A grandiosidade do cinema de De Palma é marcada pelo fato de que, ao mesmo tempo em que vai insidiosamente destrinchando as vísceras de um sistema de produção de imagens e significados, ele constrói seu filme rigorosamente dentro das regras de um dos gêneros mais intimamente ligados ao período – o film noir. Desde a narração em off um tanto cínica, passando pelas figuras das mulheres fatais loiras e morenas (lembrando Lynch, de novo), De Palma mostra que conhece intimamente aquilo de que trata. Desde a primeira seqüência, com a batalha nas ruas de Los Angeles (que, em sua artificialidade espetacular, lembra muito o começo de Gangues de Nova Iorque), o diretor deixa claras as regras do jogo: questionar as construções das imagens do cinema através da utilização mais extrema das suas ferramentas de linguagem e gênero (De Palma constrói cenas como poucos, e aqui podemos citar pelo menos duas já clássicas: a do crime nas escadarias de um prédio, e o confronto final na casa – também nas escadas, espaço depalmiano por excelência). Trata-se de um projeto eminentemente moderno de cinema, o que torna especialmente cínico e brilhante a observação que um personagem faz, quase no final do filme, sobre arte moderna.
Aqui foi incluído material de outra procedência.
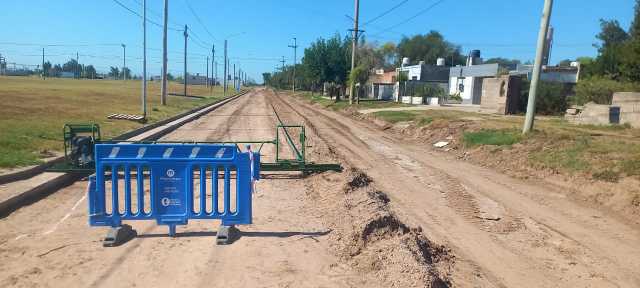 Nivelación y Compactación de suelo en calle La Pampa
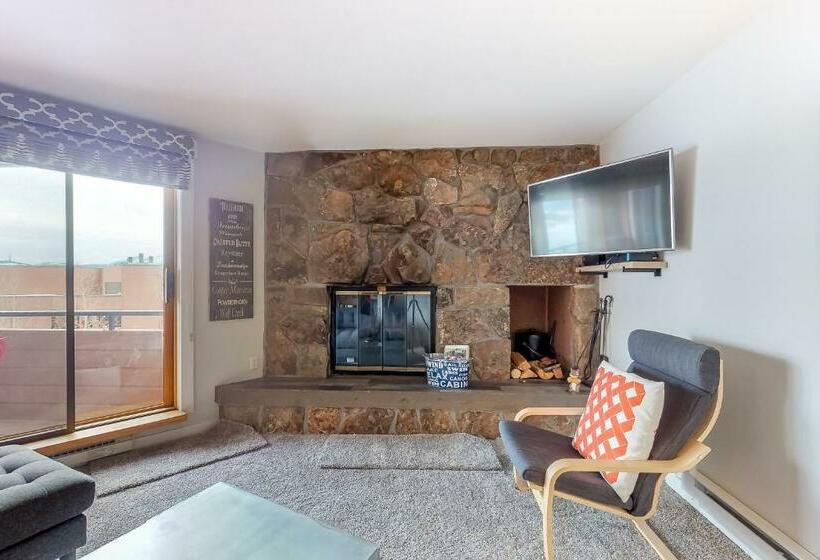 דירת שני חדרים, Marina Place Condominiums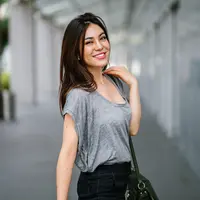 ilustrasi perempuan cantik/mentatdgt/Shutterstock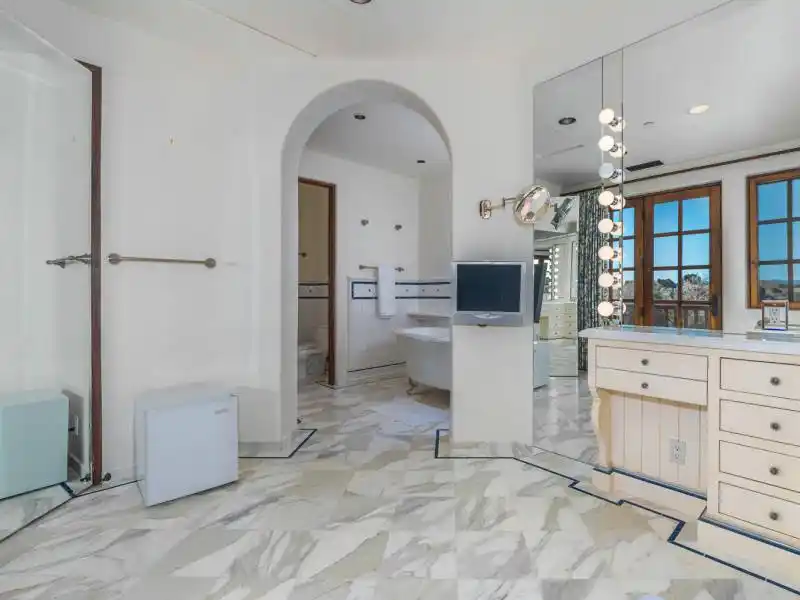 2667 Via De Los Ranchos, Los Olivos – image 9
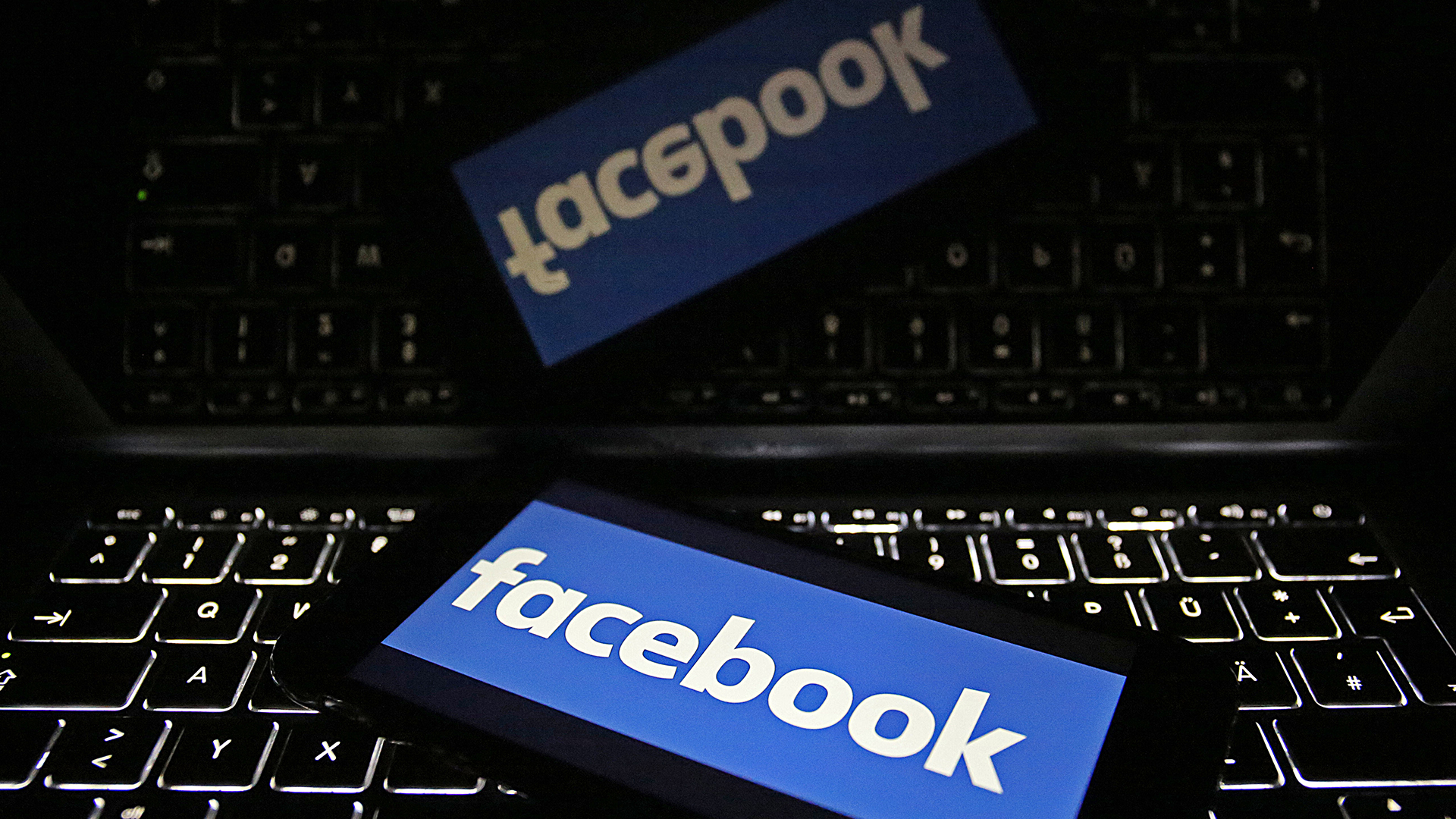 Ein Smartphone mit dem Logo von Facebook liegt auf einer Tastatur. | picture alliance/dpa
É neste mundo que o ingênuo policial Dwight “Bucky” Bleichert vai sendo inserido aos poucos por De Palma. Sua trajetória é uma que já vimos muitas vezes no cinema do diretor: um olhar a princípio ingênuo que precisa reaprender a ver as imagens e contextualizá-las ao longo do filme. São especialmente impressionantes, neste sentido, as cenas de sexo do filme, onde Bleichert é levado de sua passividade momentânea ao tesão selvagem simplesmente pela construção das imagens das duas mulheres, pólos opostos e complementares como as cores de seus cabelos. Nada que se vê é exatamente o que parece, e num jogo constantemente ilusório de espelhos e sombras (elementos presentes no filme inúmeras vezes), o inocente de hoje é o culpado de amanhã – e vice-versa. Por trás de cada cena se desvela uma outra – e o cineasta constrói uma seqüência quase didática para ilustrar isso, com um movimento de câmera sobre o cenário da aparente cena que acompanhamos, que revela uma outra ainda mais importante se desenvolvendo por detrás desta.

Olhar e construir aquilo que se deseja ver são o centro das preocupações do filme (de novo, as cenas dos testes de elenco com a atriz surgem com sua importância redobrada). Se o espectador, como Bleichert, precisa questionar constantemente o que vê, ao mesmo tempo é inegável o conforto e o prazer de aceitar algumas de suas construções como aquilo que preferimos e queremos ver. E é este o final que De Palma nos dá, onde, com uma correção de diafragma, ele indica a escolha do olhar de Bleichert (e do espectador, se ele assim desejar). Entre viver a angústia das incertezas e dos traumas, a decisão pela construção da imagem desejada de uma mulher. Imagem falsa conscientemente construída, reconfortante e perturbadora ao mesmo tempo. Este é o cinema, segundo De Palma.